### What you need to do
Copy the entries below exactly; any picture among them should be left out.

### Provided data
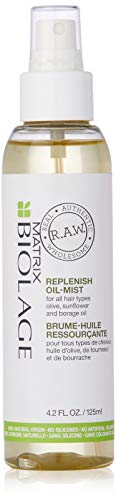 Matrix Biolag Raw Repol Oil 125Ml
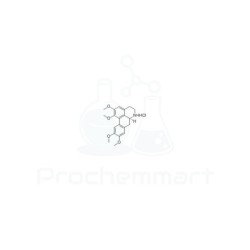 Norglaucine hydrochloride | CAS 39945-41-0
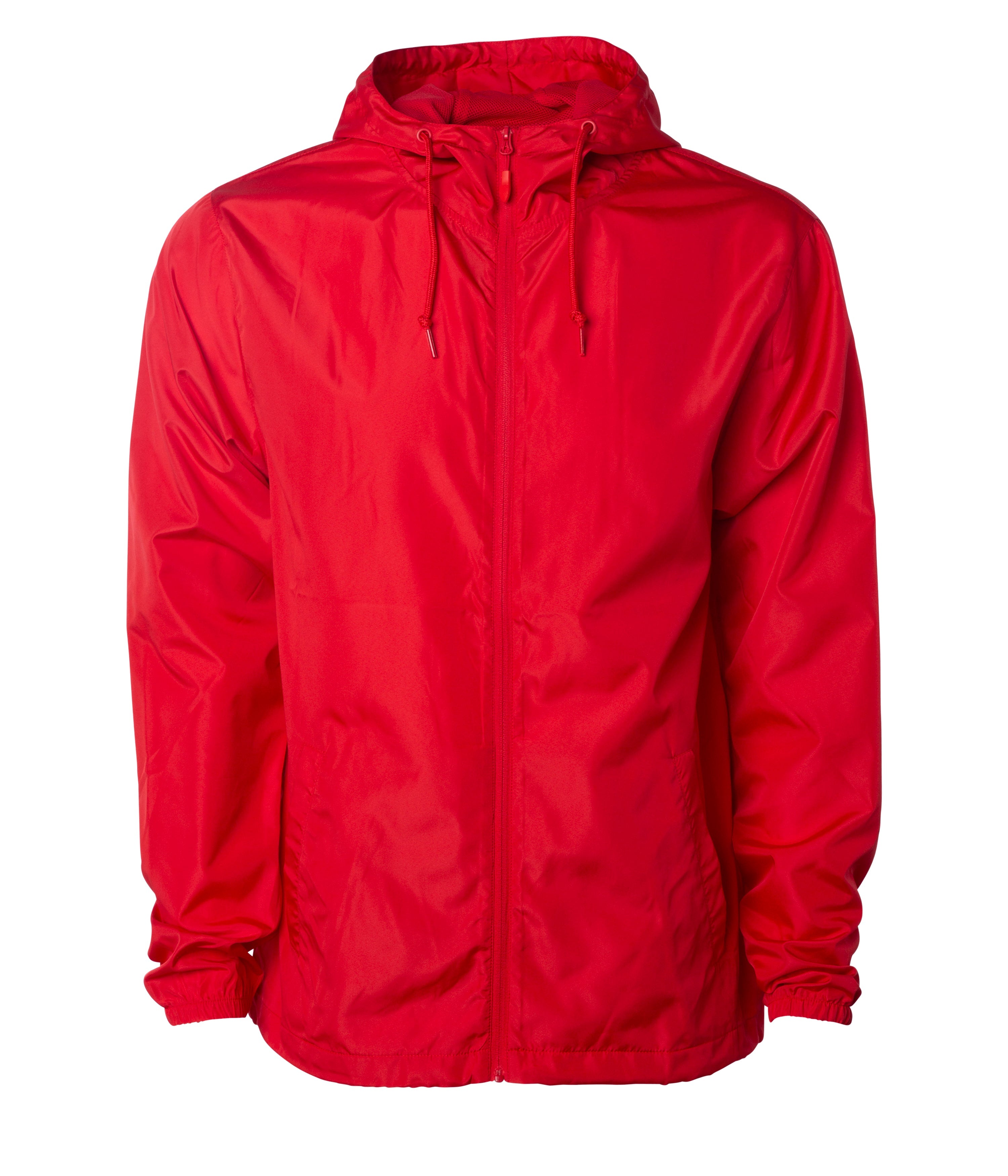 Independent Trading Company Lightweight Windbreaker Jacket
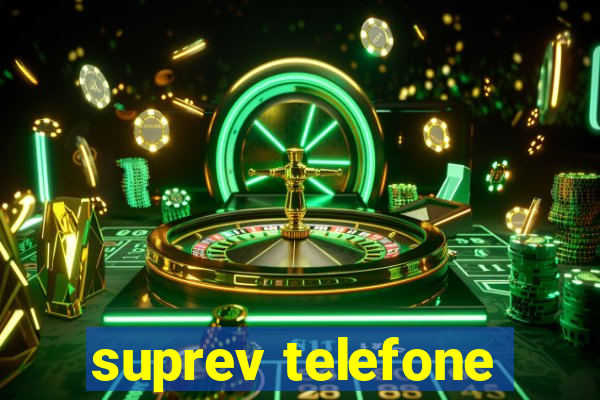 suprev telefone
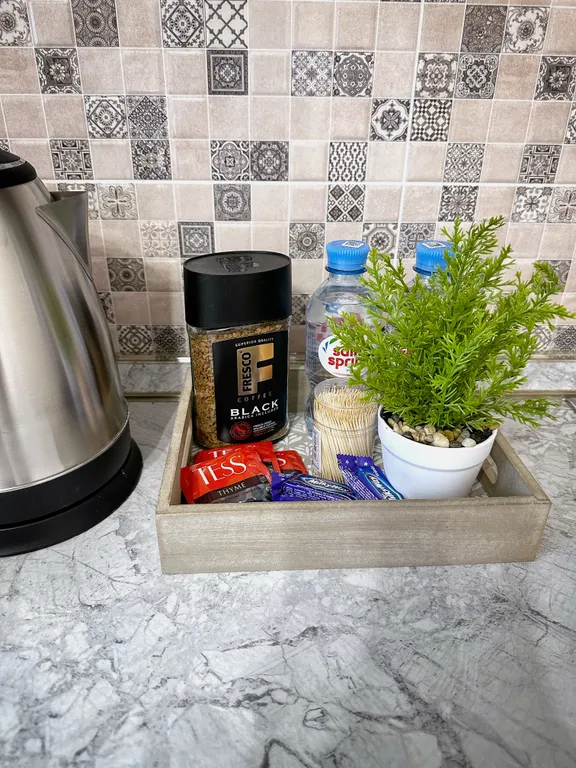 Уютное гнездышко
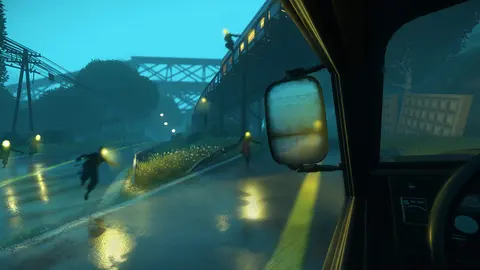 Pandemic Express - Zombie Escape screenshot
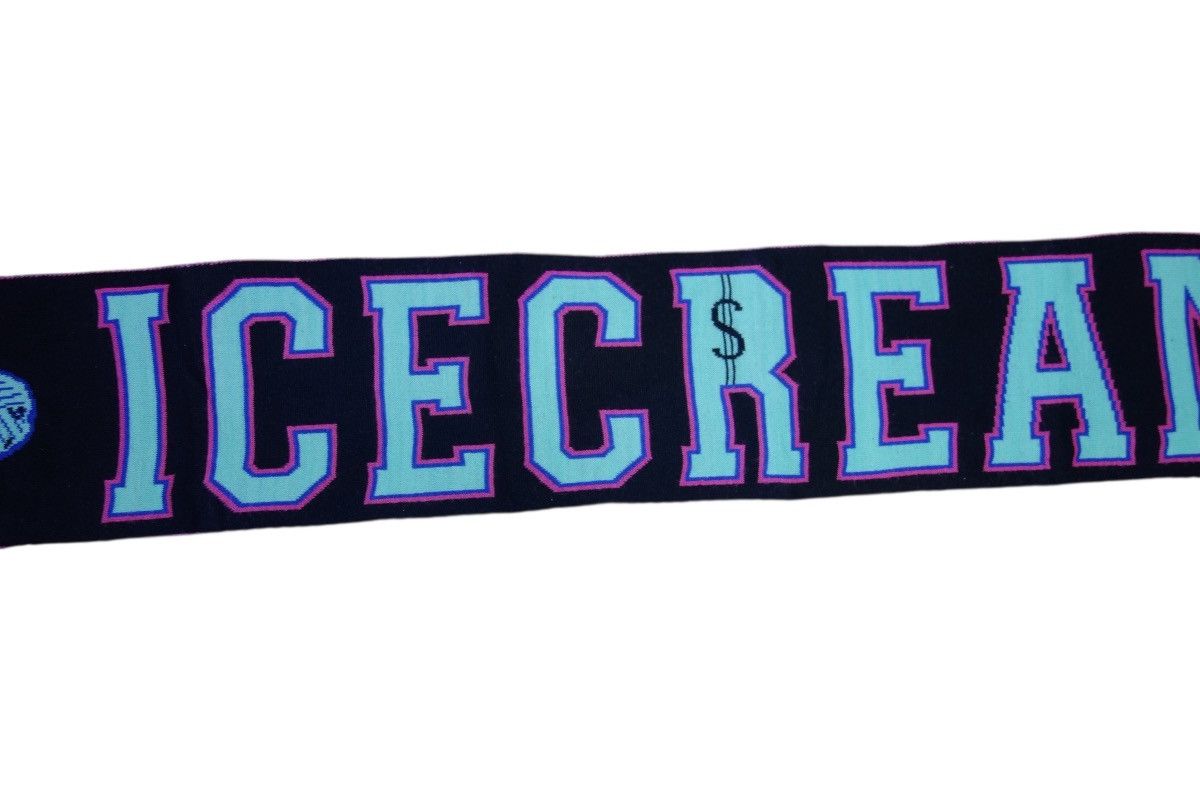 Icecream Billionaire Boys Club Zombie Scarf Size ONE SIZE - 3 Thumbnail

### Answer to this exercise
 Matrix Biolag Raw Repol Oil 125Ml
 Norglaucine hydrochloride | CAS 39945-41-0
 Independent Trading Company Lightweight Windbreaker Jacket
 suprev telefone
 Уютное гнездышко
 Pandemic Express - Zombie Escape screenshot
 Icecream Billionaire Boys Club Zombie Scarf Size ONE SIZE - 3 Thumbnail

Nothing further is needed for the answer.